DEEPWATER PETROLEUM EXPLORATION AND PRODUCTION IN THE GULF OF GUINEA
Petroleum Fiscal System (PFS) is a major determinant of investment decision in the exploration and production of oil and gas in any country. It basically describes the profitability relationship between the host government of the producing community and the International Oil Companies (IOCs). The comparative analysis of the performance of the fiscal regimes becomes imperative as it affects the interest of the investor and the production of oil and gas. During the formulation of any fiscal regime a premium is placed on its outcome.
In this study, Petroleum Fiscal System (PFS) deepwater economic model is developed for the Gulf of Guinea. The approach incorporates a dynamic multipurpose input data page that automatically considers fiscal laws, taxation and stochastic analysis. Monte Carlo simulation using @risk software is used to account for risk and uncertainties in decision making.

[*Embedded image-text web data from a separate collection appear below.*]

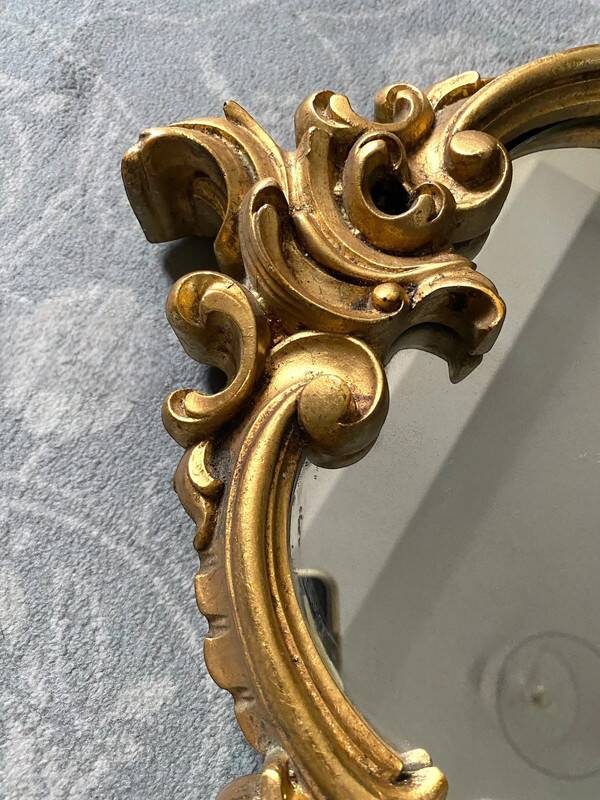 Old golden mirror in composite resin baroque style 60s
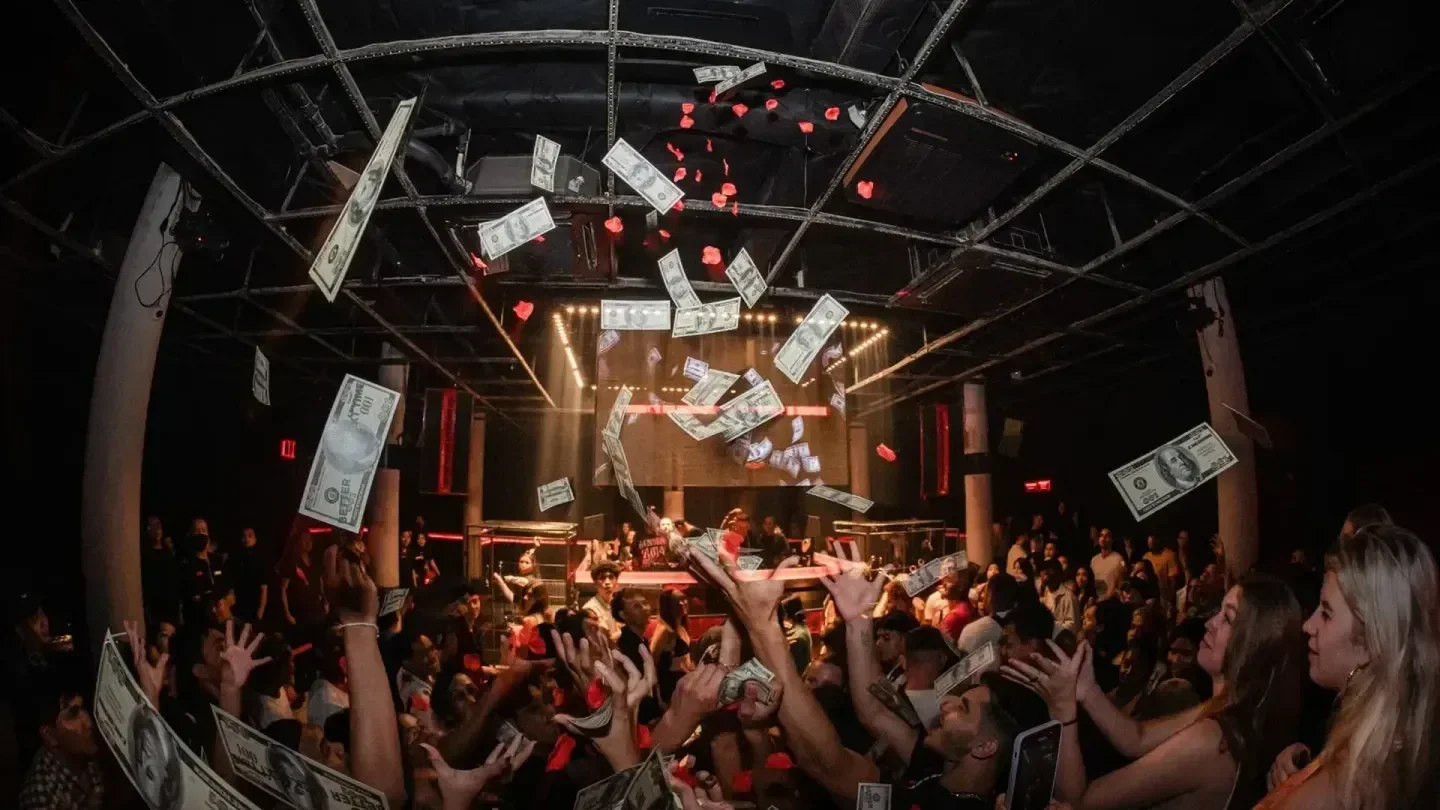 Nightclub Vault in Bali, people celebrating with money falling from the ceiling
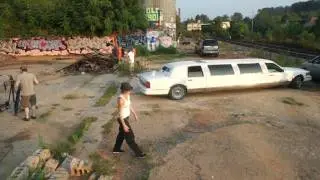 Moving a stretch limo at Trackside Gallery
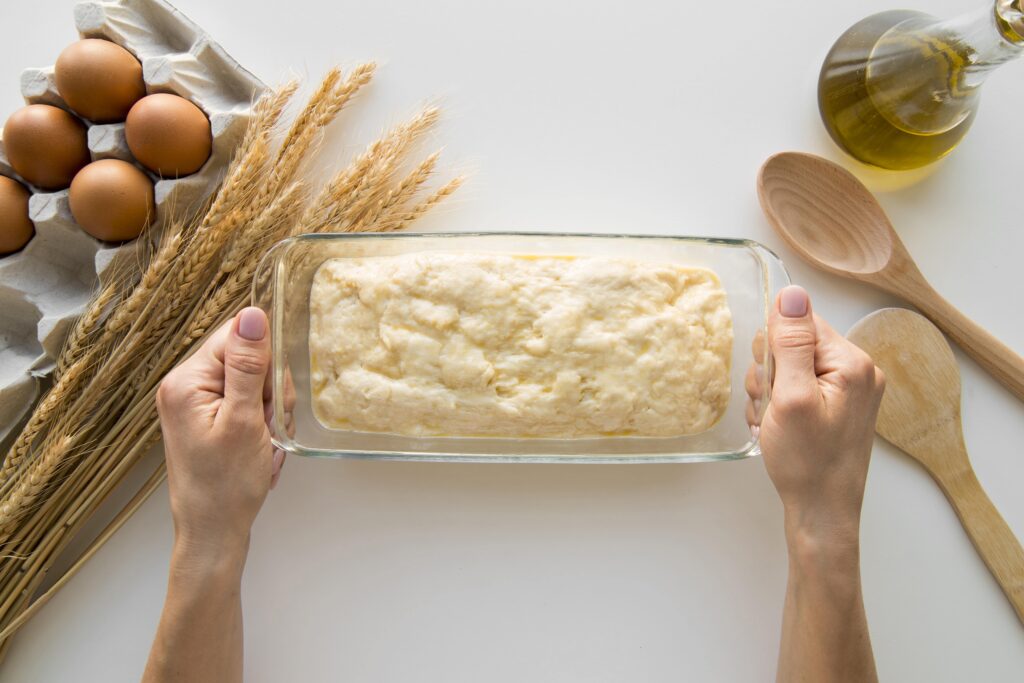 top-view-hands-holding-cake-mould-with-batter-min gluten free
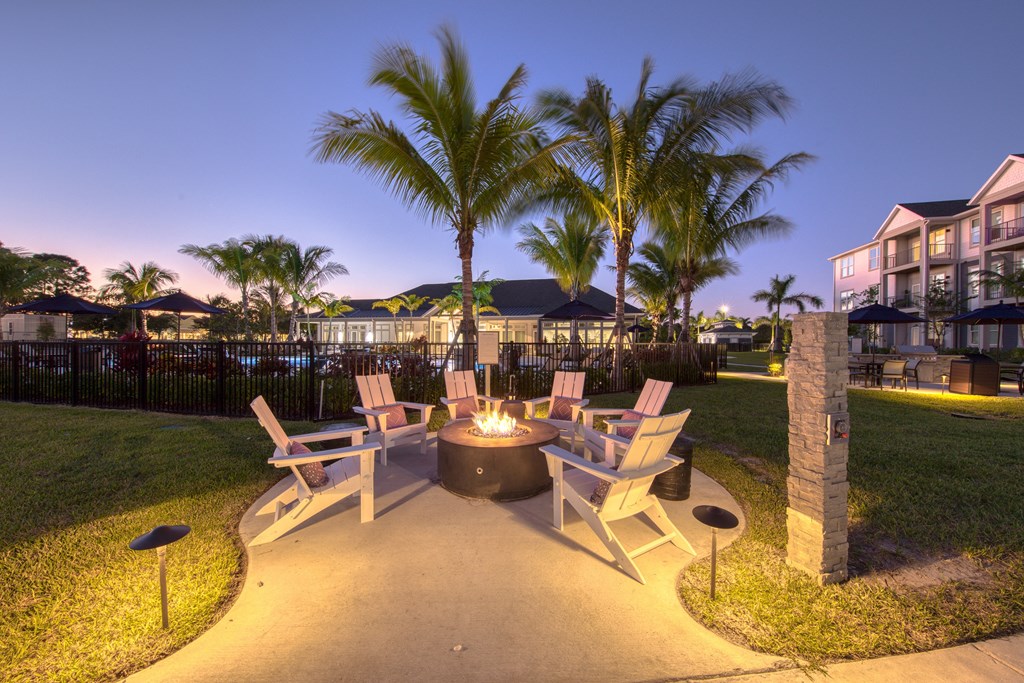 a patio with chairs and a fire pit at night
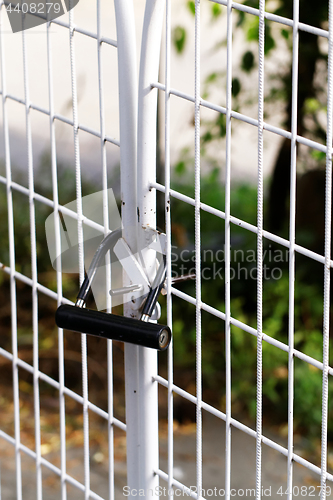 Image of Locked white gate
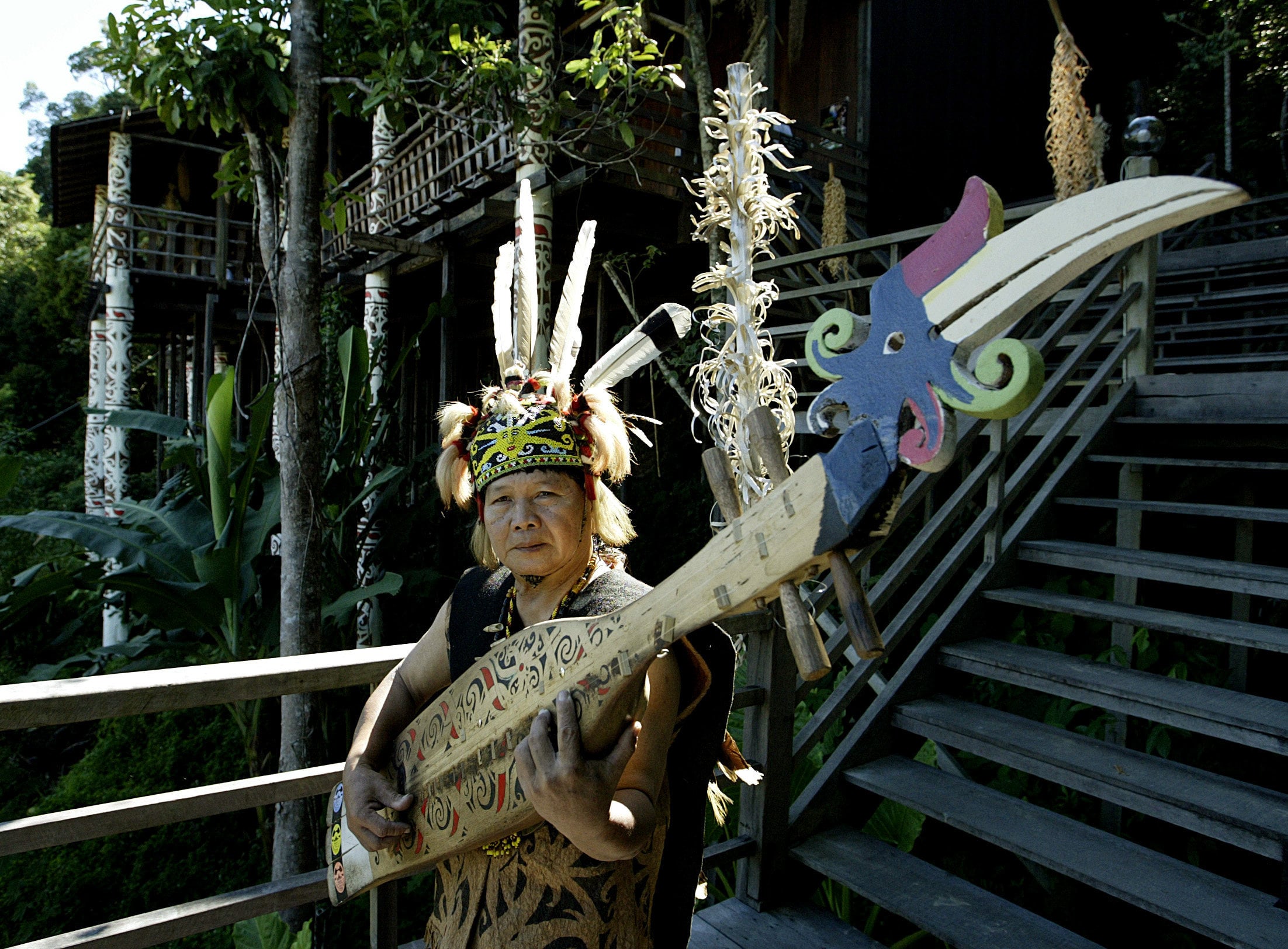 An indigenous musician plays a “sape” in front a traditional longhouse in Sarawak. Photo: Reuters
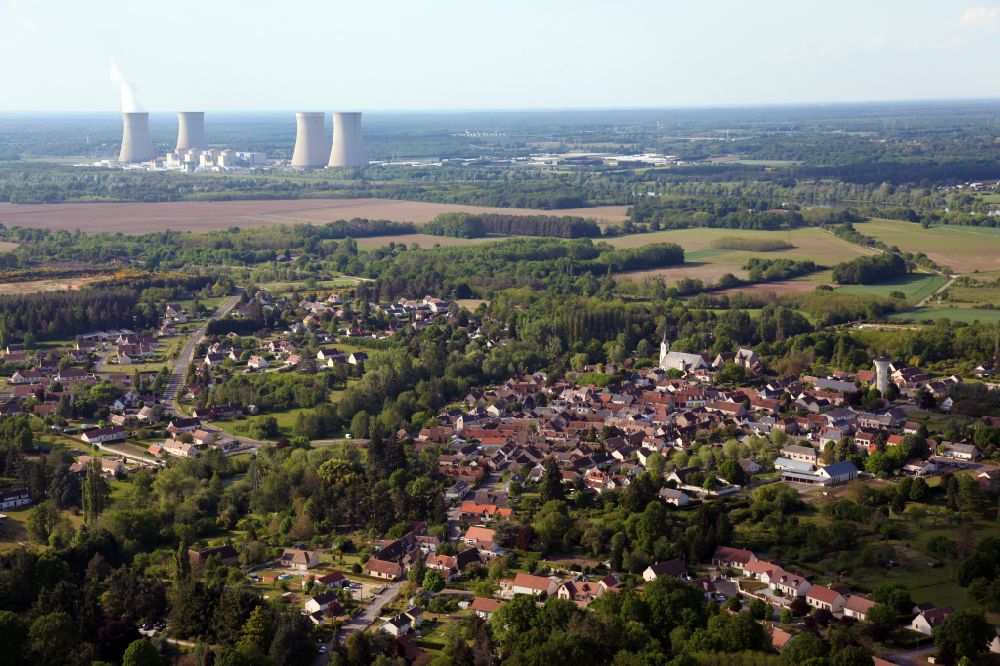 Aerial image Saint-Gondon - Agricultural land and field boundaries with the power plants Centrale nucleaire de Dampierre surround the settlement area of the village in Saint-Gondon in Centre-Val de Loire, France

This study addresses the industry structure, conduct and performance of fiscal regimes of countries in the Gulf of Guinea. Comparison of the effects of production delay, front ended government take, front loading index, and taxation show that the Gulf of Guinea is internationally competitive in all ramifications. A wide range of profitability indicators were used in the economic evaluation decision of this work such as Government Take (GTake), Contractor Take (CTake), Net Present Value (NPV), Internal Rate of Return (IRR), Profitability Index (PI), Savings Index (SI), Return on Investment (ROI), Payout Time (POT), Effective Royalty Rate (ERR), Growth Rate of Return (GRR), Discounted Net Cash Flow (DNCF), Front Loading Index (FLI). This avails investors, governments, petroleum economists, and so on great options of economic performance indicators in decision making. It is also found that as the risk in deepwater investment increases with water depth, return on investment rises significantly too in the Gulf of Guinea.